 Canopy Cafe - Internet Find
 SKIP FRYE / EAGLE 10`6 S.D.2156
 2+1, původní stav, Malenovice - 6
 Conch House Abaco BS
····················
Reproduce nothing but the lines from the line containing "SKIP FRYE /" to the last line of the data, each exactly as written.

 SKIP FRYE / EAGLE 10`6 S.D.2156
 2+1, původní stav, Malenovice - 6
 Conch House Abaco BS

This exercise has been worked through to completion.